Google Translator Toolkit was an online computer-assisted translation tool (CAT)—a web application designed to permit translators to edit the translations that Google Translate automatically generates using its own and/or user-uploaded files of appropriate glossaries and translation memory. With the Google Translator Toolkit, translators can organize their work and use shared translations, glossaries and translation memories. It allowed translators to upload and translate Microsoft Word documents, OpenDocument, RTF, HTML, text, and Wikipedia articles.

Google Translator Toolkit was supported by Google Translate, a web-based translation service. Google Translator Toolkit could be configured to automatically pre-translate uploaded documents using Google Translate.

Google Inc released Google Translator Toolkit on June 8, 2009. This product was expected to be named Google Translation Center, as had been announced in August 2008. However, the Google Translation Toolkit turned out to be a less ambitious product: "document rather than project-based, intended not as a process management package but simply another personal translation memory tool".

Originally the Google Translator Toolkit was meant to attract collaboratively minded people, such as those who translate Wikipedia entries or material for non-governmental organizations. However, nowadays it is also increasingly widely used in commercial translation projects.

"The significance of the Google Translator Toolkit is its position as a fully online software-as-a-service (SaaS) that mainstreams some backend enterprise features and hitherto fringe innovations, presaging a radical change in how and by whom translation is performed".

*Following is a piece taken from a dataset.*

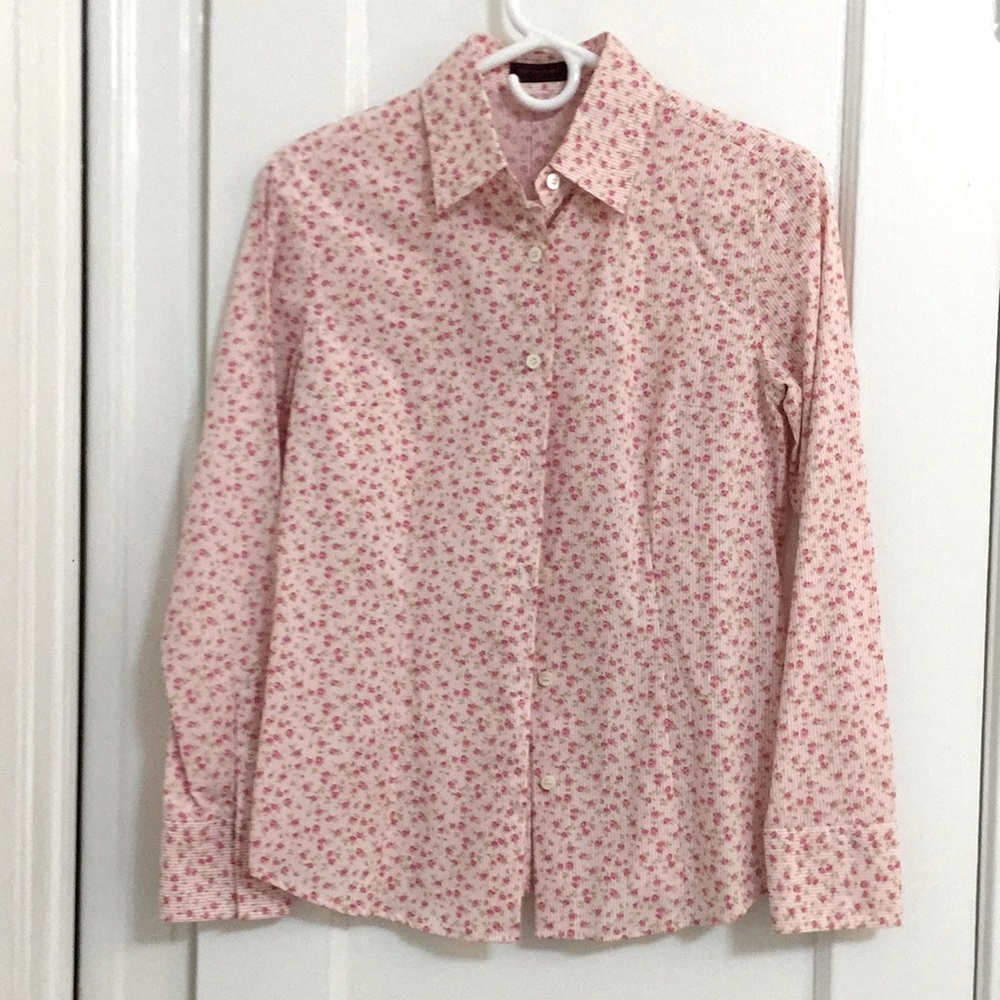 French brand pink floral shirt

Translator Toolkit was shut down on December 4, 2019.

Source and target languages 
Starting with only one source language—English—and forty-seven target languages in June 2009, Google Translator Toolkit supported 100,000 language pairs. Translator Toolkit could translate from 345 source languages into 345 target languages.

User interface 
Google Translator Toolkit's user interface was available in eighty-five languages:

Workflow 

The workflow of Google Translator Toolkit can be described as follows. First, users upload a file from their desktop or enter a URL of a web page or Wikipedia article that they want to translate. Google Translator Toolkit automatically 'pretranslates' the document. It divides the document into segments, usually sentences, headers, or bullets. Next, it searches all available translation databases for previous human translations of each segment. If any previous human translations of the segment exist, Google Translator Toolkit picks the highest-ranked search result and 'pretranslates' the segment with that translation. If no previous human translation of the segment exists, it uses machine translation to produce an 'automatic translation' for the segment, without intervention from human translators.

Users can then review and improving the automatic translation. They can click on the sentence and fix a translation, or they can use Googles translation tools to help them translate by clicking the "Show toolkit" button.

By using the toolkit, they can view translations previously entered by other users in the "Translation search results" tab or use the "Dictionary" tab to search for the right translations for hard-to-find words. In addition, translators can use features like custom, multi-lingual glossaries and view the machine translation for reference. They can also share their translations with their friends by clicking the "Share" button and inviting them to help edit or view their translations. When they are finished, they can download the translation to their desktop. For Wikipedia articles, they can easily publish back to the source pages.

API 
Google Translator Toolkit used to provide an API which was restricted to approved users only.